I am wondering why in the BlasWrapper dtrmv is supported but strmv isn’t.

My build on an aarch64 linux from maven uses an openblas downloaded from the repo by default without me linking a system library so there is no reason for this to be unsupported as far as I can see?

Thanks

@cawthorne Actually it’s available right here:

We just made it data type agnostic.
You can access this with:
Nd4j.getBlasWrapper().level2().trmv

Hi thanks for getting back to me.

If I run this with a float data type I get:

java.lang.UnsupportedOperationException

As strmv isn’t linked at a lower level when running a cpu backend blas library:

But dtrmv works fine.

I was able to make strmv work trivially by changing 2 lines.

Would you accept a PR request to fill in all the blas and lapack routines you are missing? It would just be a simple attempt to link to the cblas_ methods.

I believe I saw posv, geev, sygvd… were missing too. These could be added as they are used in openblas too?

Definitely thanks for offering!

I am trying to use a different blas shared object library as the cpu backend. I see an openblas javacpp one is used by default. Could you summarise the steps to get an alternative one used instead?
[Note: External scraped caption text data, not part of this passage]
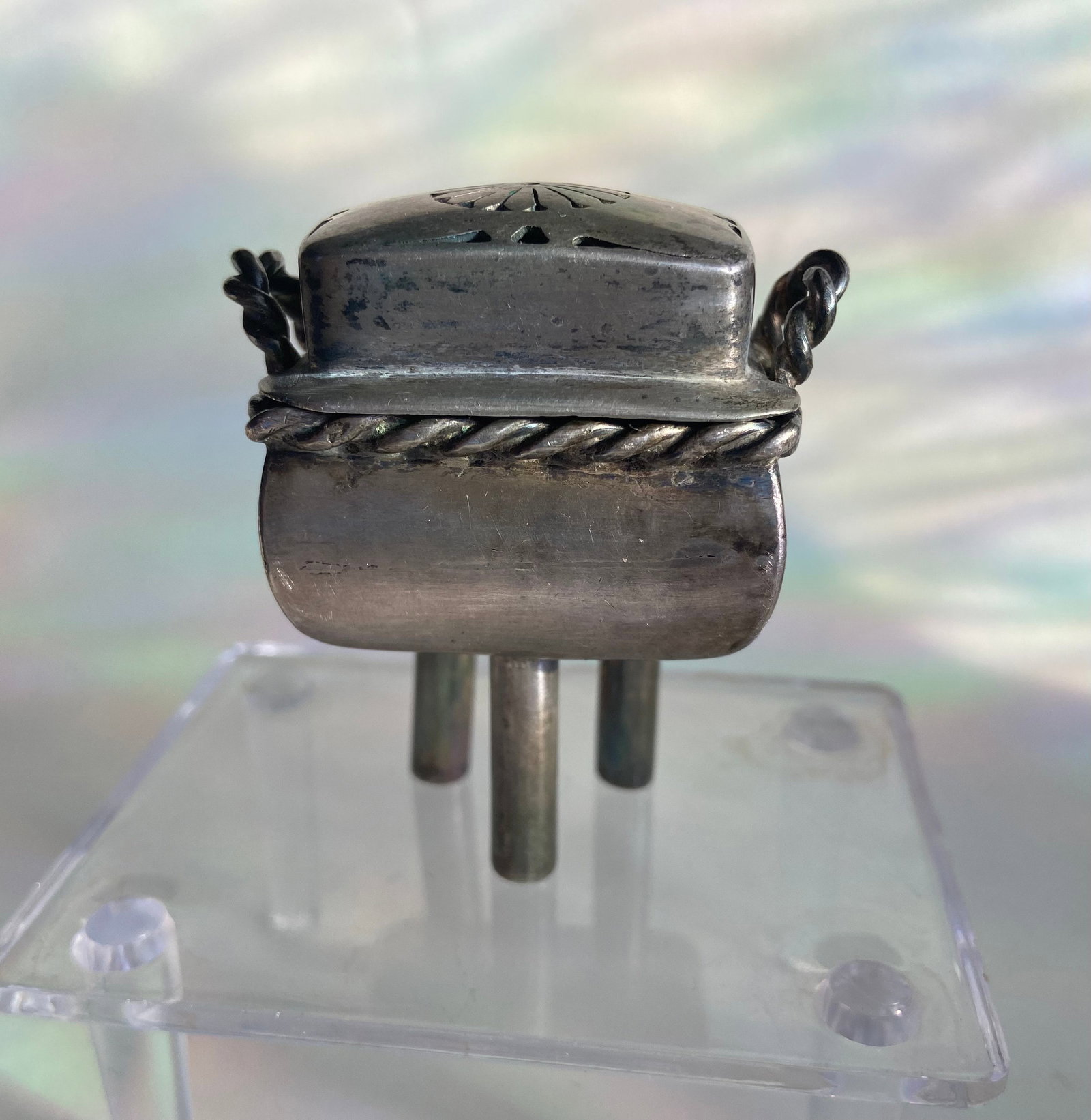A Chinese silver 3-foot censor burner stamped Chinese "CHUN YIN" at bottom: 19th century, Lidded vessel with perforated top for smoke release, and central tube or socketed stem,Chain attachment loops; Weight: 68 gram. Dimensions?HEIGHT: 2.5 inches
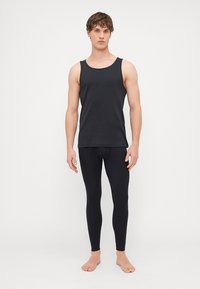 Μαύρο αμάνικο μπλουζάκι και κολάν εφαρμοστό από λείο ύφασμα, με μινιμαλιστικό σχέδιο χωρίς μοτίβα ή ορατά αξεσουάρ.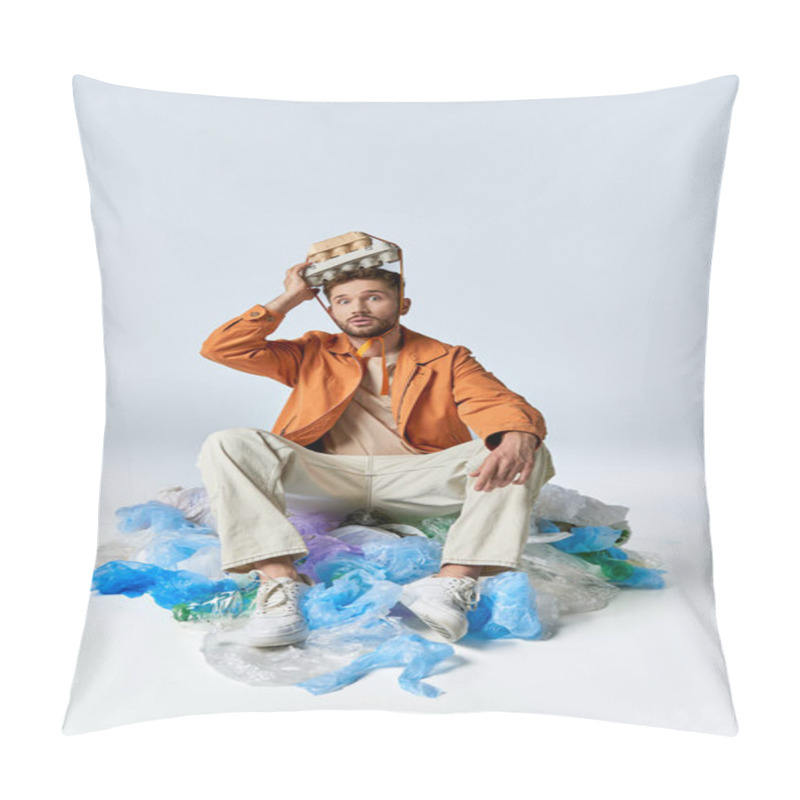 Personality  A Man Sits Amidst A Sea Of Plastic, A Cardboard Egg Carton Perched Atop His Head. Pillow Covers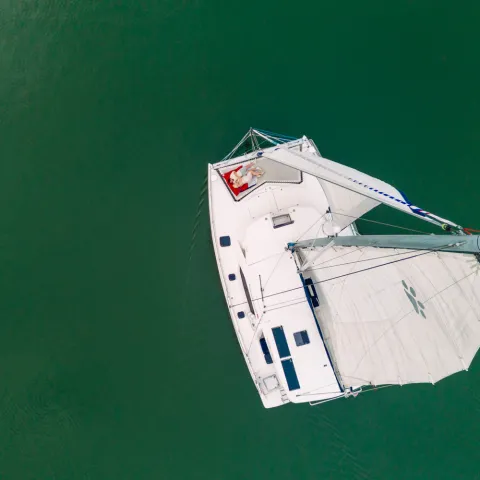 Aerial view of a white sailboat with two sails on green water.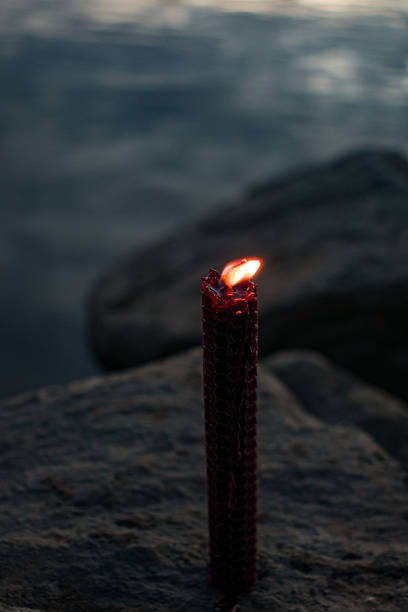 Close-Up Of Flame Against Black Background
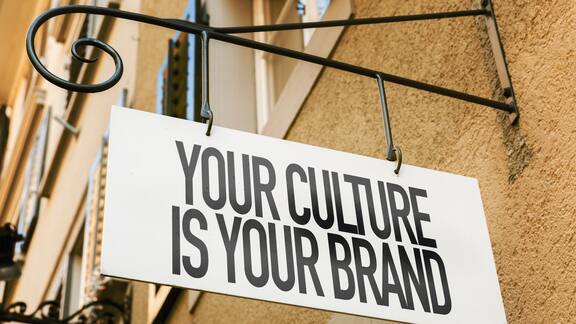 Ein Schild mit der Aufrschrift "Your culture is your Brand" hängt an einer Hauswand.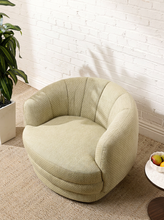 Load image into Gallery viewer, Image 2 of 16: Rowan Swivel Chair in Bay Leaf Olive featuring light olive textured upholstery, a rounded barrel backrest, softly curved arms, a generously cushioned seat, and a low-profile circular swivel base.
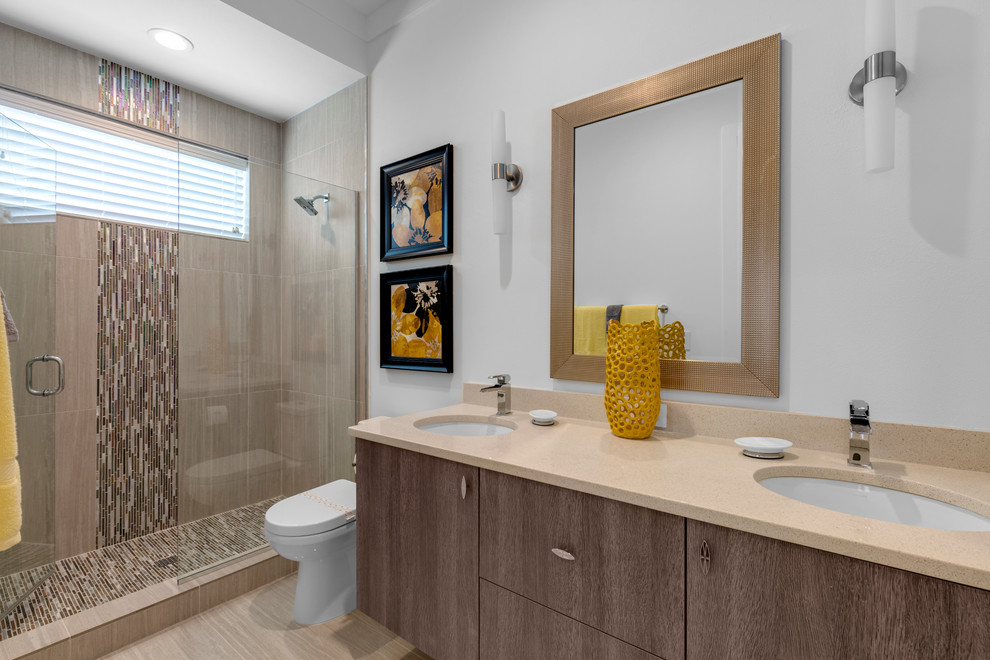 Photo of a small modern 3/4 bathroom in Orlando with flat-panel cabinets, medium wood cabinets, an alcove shower, a two-piece toilet, multi-coloured tile, glass tile, white walls, porcelain floors, a drop-in sink and engineered quartz benchtops.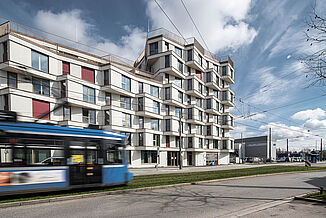 Building complex of the kupa quarter in Munich with passing suburban railway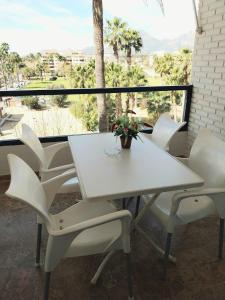 a white table and chairs on a balcony at Albir Azul in Albir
Does it require a re compile of nd4j or can it be swapped out after?

@cawthorne basically we can dynamically link against 2 different implementations (mkl and openblas) already. More about that here:

For cuda, you’ll end up needing to do something else. I wanted to check cuda after we got the CPU PR right.

I want to get the cpu arm performance libraries to work. Will have a look at the link thanks!

@cawthorne we might have to do that separately. We’re still working on optimizing our stack for ARM yet: Libnd4j and Pi ArmCompute additions. Strided and Padded NdArray: by quickwritereader · Pull Request #503 · KonduitAI/deeplearning4j · GitHub

We do have the openblas jars compiled for ARM. You can see an example of that here:
https://repo1.maven.org/maven2/org/bytedeco/openblas/0.3.10-1.5.4/

That will have to work for now, but I understand the use case.